ASSIGNMENT ::
Each line of the data below that includes the string "Graph" must be copied.

Records from a collection
== Segment start ==

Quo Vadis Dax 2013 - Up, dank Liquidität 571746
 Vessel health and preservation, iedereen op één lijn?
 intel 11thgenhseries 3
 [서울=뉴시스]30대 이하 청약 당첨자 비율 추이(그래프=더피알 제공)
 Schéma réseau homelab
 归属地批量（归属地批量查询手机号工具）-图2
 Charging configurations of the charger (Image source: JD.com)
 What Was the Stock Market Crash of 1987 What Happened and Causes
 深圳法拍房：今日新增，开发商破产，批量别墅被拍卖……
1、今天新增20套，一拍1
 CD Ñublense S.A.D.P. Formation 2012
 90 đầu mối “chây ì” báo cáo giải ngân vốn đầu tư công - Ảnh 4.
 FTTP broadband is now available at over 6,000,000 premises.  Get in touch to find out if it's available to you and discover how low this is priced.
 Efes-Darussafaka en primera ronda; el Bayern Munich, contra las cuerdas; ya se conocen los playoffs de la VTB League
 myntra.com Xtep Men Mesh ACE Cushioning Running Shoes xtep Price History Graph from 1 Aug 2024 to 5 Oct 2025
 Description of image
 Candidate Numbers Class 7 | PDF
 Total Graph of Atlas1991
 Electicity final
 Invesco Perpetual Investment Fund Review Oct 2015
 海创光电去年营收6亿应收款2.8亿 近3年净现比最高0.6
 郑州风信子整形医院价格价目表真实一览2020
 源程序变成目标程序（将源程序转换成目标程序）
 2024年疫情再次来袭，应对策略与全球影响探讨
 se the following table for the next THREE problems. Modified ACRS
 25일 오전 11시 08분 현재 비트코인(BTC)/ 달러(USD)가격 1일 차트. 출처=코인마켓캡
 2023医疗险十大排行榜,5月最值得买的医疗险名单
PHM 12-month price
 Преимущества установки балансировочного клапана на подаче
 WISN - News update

== Segment end ==

WRITTEN SOLUTION ::
 myntra.com Xtep Men Mesh ACE Cushioning Running Shoes xtep Price History Graph from 1 Aug 2024 to 5 Oct 2025
 Total Graph of Atlas1991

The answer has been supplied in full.